Problem to solve =
All records below are to be duplicated exactly, with every picture excluded.

(Dataset entries)
================================

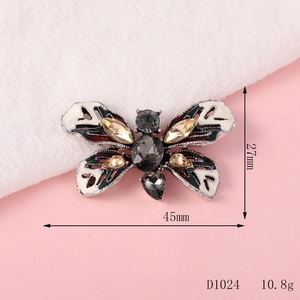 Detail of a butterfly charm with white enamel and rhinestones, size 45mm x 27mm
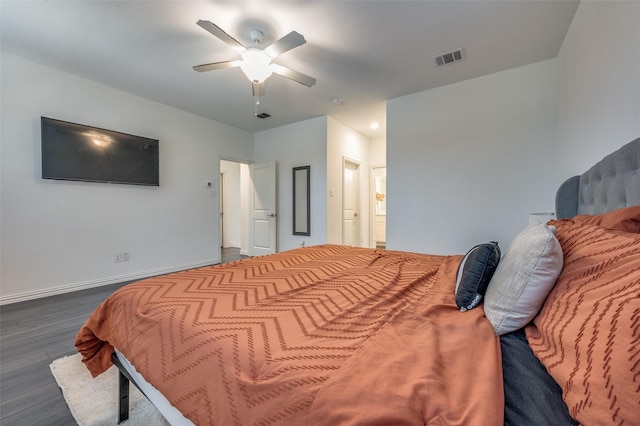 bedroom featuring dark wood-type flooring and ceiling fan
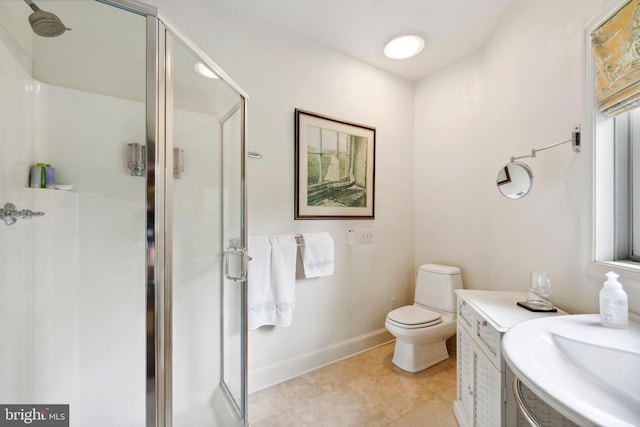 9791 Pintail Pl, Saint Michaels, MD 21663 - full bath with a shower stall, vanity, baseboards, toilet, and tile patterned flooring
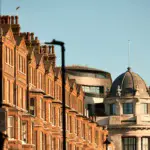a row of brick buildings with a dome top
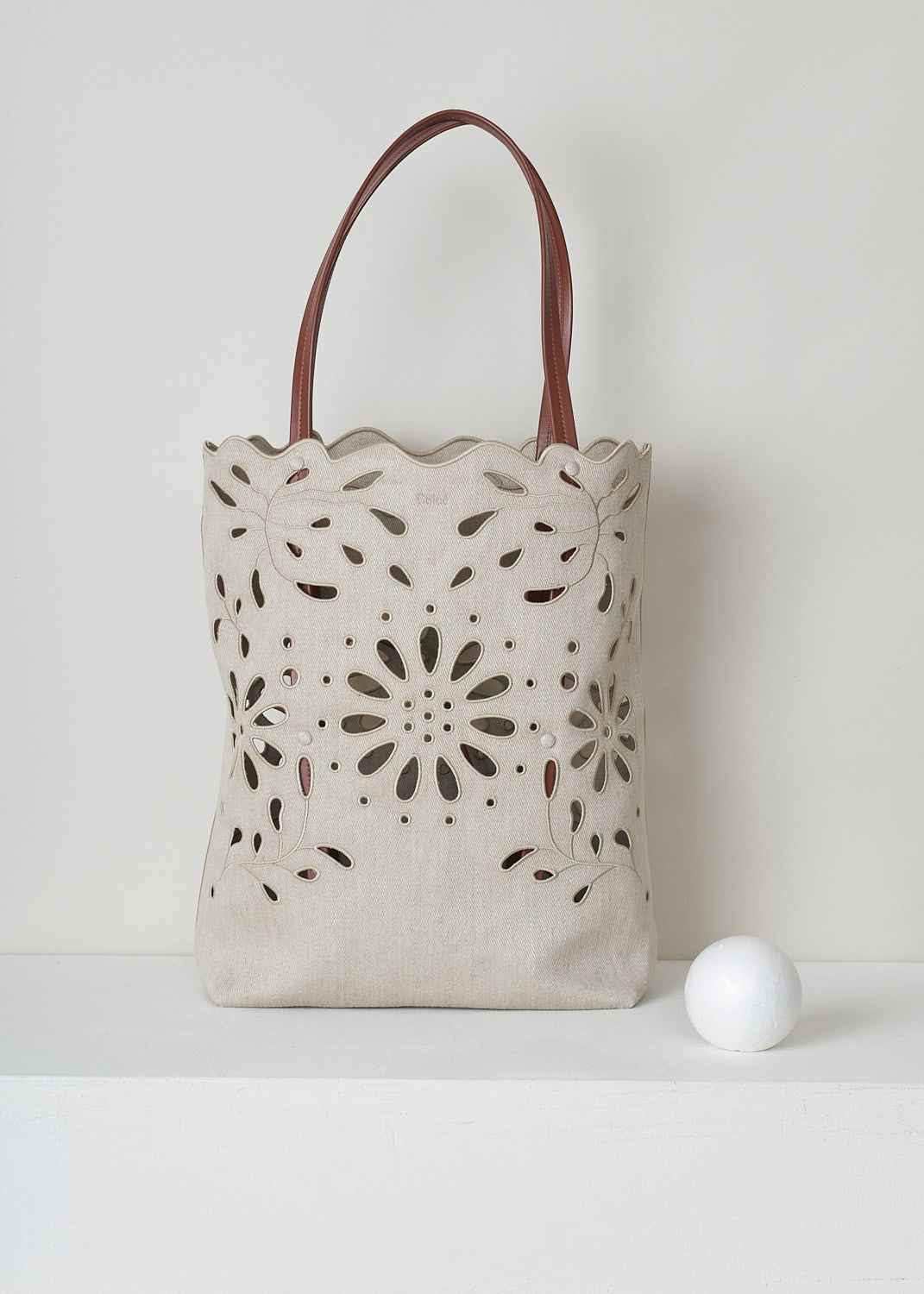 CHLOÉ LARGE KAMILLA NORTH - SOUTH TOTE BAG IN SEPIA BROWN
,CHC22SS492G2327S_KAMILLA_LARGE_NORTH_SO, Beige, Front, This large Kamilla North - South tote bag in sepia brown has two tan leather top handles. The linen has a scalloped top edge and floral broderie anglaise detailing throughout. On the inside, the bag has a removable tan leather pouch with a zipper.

================================

Task result =
 Detail of a butterfly charm with white enamel and rhinestones, size 45mm x 27mm
 bedroom featuring dark wood-type flooring and ceiling fan
 9791 Pintail Pl, Saint Michaels, MD 21663 - full bath with a shower stall, vanity, baseboards, toilet, and tile patterned flooring
a row of brick buildings with a dome top
 CHLOÉ LARGE KAMILLA NORTH - SOUTH TOTE BAG IN SEPIA BROWN
,CHC22SS492G2327S_KAMILLA_LARGE_NORTH_SO, Beige, Front, This large Kamilla North - South tote bag in sepia brown has two tan leather top handles. The linen has a scalloped top edge and floral broderie anglaise detailing throughout. On the inside, the bag has a removable tan leather pouch with a zipper.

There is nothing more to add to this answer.